### TO DO
Among the entries below, one stretch runs from the line that contains "Navy Blue And" through the line that contains "Women's Chiffon Fabric". Repeat that stretch exactly, ends included, and only that.

### EXTRACTED MATERIAL
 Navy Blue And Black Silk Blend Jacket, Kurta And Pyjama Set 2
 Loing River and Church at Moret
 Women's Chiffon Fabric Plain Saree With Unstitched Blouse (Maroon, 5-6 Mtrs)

---

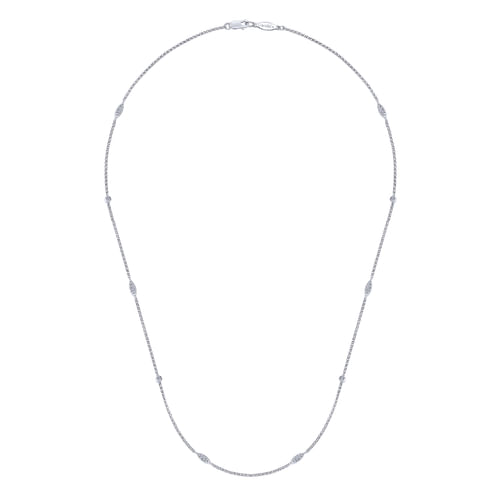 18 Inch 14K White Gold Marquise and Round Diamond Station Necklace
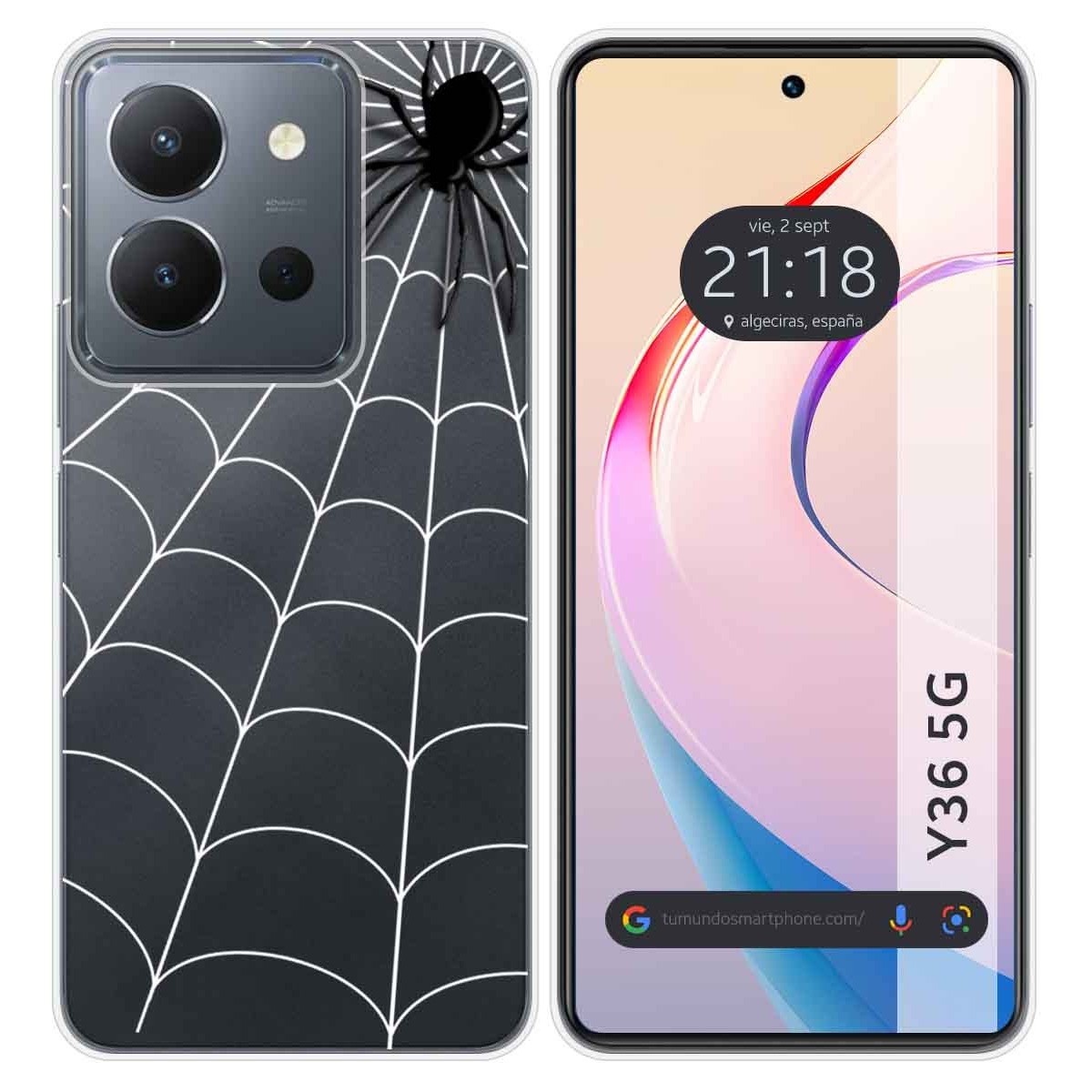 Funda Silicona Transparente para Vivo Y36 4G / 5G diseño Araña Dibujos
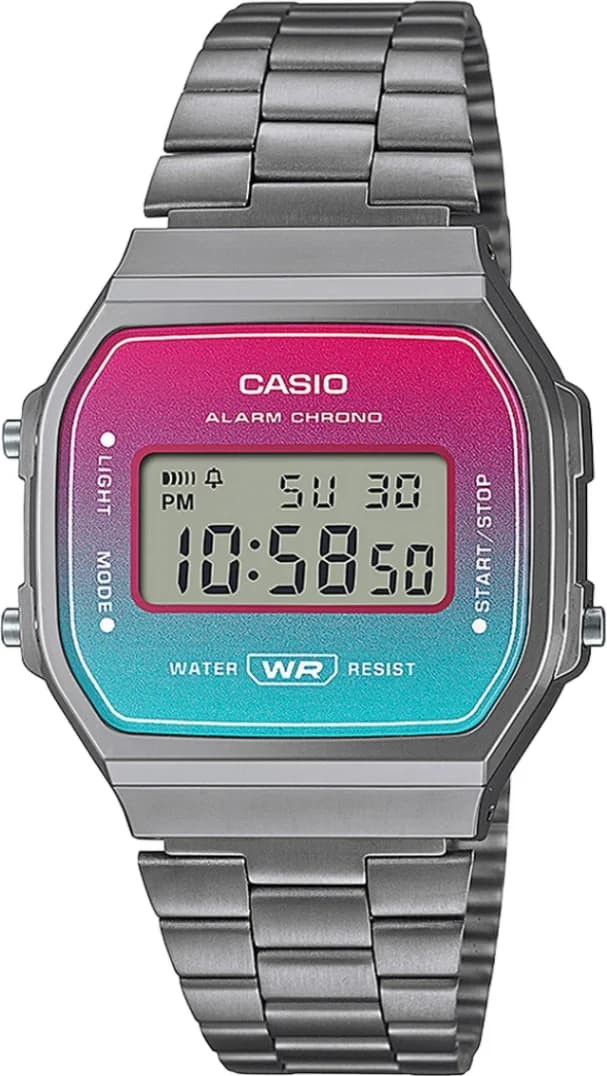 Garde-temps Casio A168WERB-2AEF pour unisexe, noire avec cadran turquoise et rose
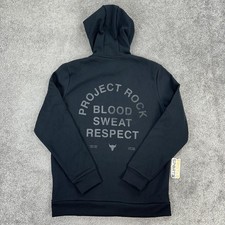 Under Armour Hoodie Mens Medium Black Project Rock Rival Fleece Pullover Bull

### WRITTEN SOLUTION
 Navy Blue And Black Silk Blend Jacket, Kurta And Pyjama Set 2
 Loing River and Church at Moret
 Women's Chiffon Fabric Plain Saree With Unstitched Blouse (Maroon, 5-6 Mtrs)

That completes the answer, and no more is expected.